Autocomplete: Overhaul telemetry and fix various corner cases #412

philipp-spiess · 2023-07-27T11:44:38Z

Closes #178

This PR fixes a bunch of issues with the completions cache that should make it much more easy to understand now (although there are a few corner cases). The analytics code is quite tangled with the implementation right now but I want to get the logic right first before we do some cleanup.

Conceptually, the big thing that has changed is that we now always create a new completion entry for new completion requests. The only exception to that is if the cache would resolve to the very same completion that was already displayed. This special case is necessary to not send too many completion requests if we forward-type a completion like so:

Screen.Recording.2023-07-27.at.13.40.19.mov

There are a bunch of other small fixes that I noticed were necessary that I’m going to explain inline.

Test plan

Open the Output tabs and start playing with completions while keeping track of how the console looks.
We'll have to see how big the difference is in our metrics after pushing this to prod.

…etry

philipp-spiess · 2023-07-27T11:47:00Z

vscode/src/completions/index.ts

@@ -160,15 +160,13 @@ export class CodyCompletionItemProvider implements vscode.InlineCompletionItemPr
            this.abortOpenCompletions = () => abortController.abort()
        }

-        CompletionLogger.clear()


Clearing the completion logger will flush all "open" completions, potentially logging completions that are being visible. This is used to measure for how long completions are necessary and thus we want to delay it as long as possible so we can get the most accurate timing.

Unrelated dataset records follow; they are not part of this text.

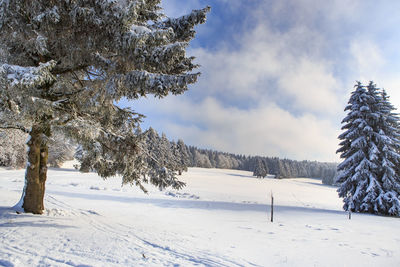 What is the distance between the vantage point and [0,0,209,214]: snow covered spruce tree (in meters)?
5.24

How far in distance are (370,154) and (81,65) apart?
19.6 meters

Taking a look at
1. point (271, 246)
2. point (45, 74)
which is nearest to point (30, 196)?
point (45, 74)

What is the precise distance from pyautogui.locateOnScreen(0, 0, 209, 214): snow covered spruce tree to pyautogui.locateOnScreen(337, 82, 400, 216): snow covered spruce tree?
16.6 meters

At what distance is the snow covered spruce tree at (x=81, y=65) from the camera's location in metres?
5.24

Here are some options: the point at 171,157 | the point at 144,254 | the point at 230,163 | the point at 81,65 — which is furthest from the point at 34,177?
the point at 230,163

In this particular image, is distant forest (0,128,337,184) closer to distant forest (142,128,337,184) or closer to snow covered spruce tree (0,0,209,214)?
distant forest (142,128,337,184)

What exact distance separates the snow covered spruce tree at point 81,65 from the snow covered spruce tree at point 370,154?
1658cm

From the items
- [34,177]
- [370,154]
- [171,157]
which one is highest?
[370,154]

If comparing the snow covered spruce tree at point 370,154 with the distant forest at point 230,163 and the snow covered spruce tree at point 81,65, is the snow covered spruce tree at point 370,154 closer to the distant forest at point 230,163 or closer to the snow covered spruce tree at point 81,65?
the snow covered spruce tree at point 81,65

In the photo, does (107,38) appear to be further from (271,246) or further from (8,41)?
(271,246)

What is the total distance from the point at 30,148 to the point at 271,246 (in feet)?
27.1

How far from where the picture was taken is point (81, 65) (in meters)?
6.94

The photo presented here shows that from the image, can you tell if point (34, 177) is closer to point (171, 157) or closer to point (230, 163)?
point (171, 157)

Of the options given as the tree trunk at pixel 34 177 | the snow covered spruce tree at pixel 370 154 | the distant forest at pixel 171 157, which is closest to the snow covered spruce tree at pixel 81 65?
the tree trunk at pixel 34 177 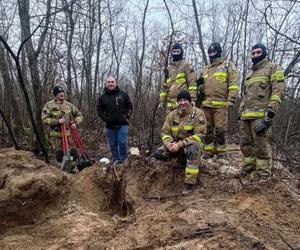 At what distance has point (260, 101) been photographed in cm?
551

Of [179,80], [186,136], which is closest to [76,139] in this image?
[179,80]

Previously, every new completion request would immediately flush the queue. Now, however, a cache hit that matches the properties that I outlined in the PR description and is this "completed forward" won't, so we'll have a more accurate number of how long such completions are visible.

philipp-spiess · 2023-07-27T11:47:40Z

vscode/src/completions/index.ts

@@ -452,3 +512,8 @@ function createTracerForInvocation(tracer: ProvideInlineCompletionItemsTracer):
        tracer(data)
    }
 }
+
+function emptyCompletions(): vscode.InlineCompletionList {
+    CompletionLogger.clear()


Whenever we early return, we want to flush the completions queue. This conceptually makes sense because if we return an empty array at any point, it means no completions form us are visible anymore anyways.

philipp-spiess · 2023-07-27T11:50:12Z

vscode/src/completions/index.ts

+        //
+        // However we only log a completion as started if it's either served from cache _or_ the
+        // debounce interval has passed to ensure we don't log too many start events where we end up
+        // not doing any work at all


The completion logger now has a separate create and start method. This fixes an issue where we haven't properly measured end to end latencies in our completions because we only started it when we actively start to do some work, which happens after both the pre-defined debounce times (30ms) and context retrieval (few ms).

I don't expect this to have a big impact on the overall latencies, certainly not over 50ms, but we should aim to be as close to the real-user experience as possible with these logs.

This won't change the overall amount of events logged, though, because nothing is being logged until the start method is called. We just start the timers a bit earlier.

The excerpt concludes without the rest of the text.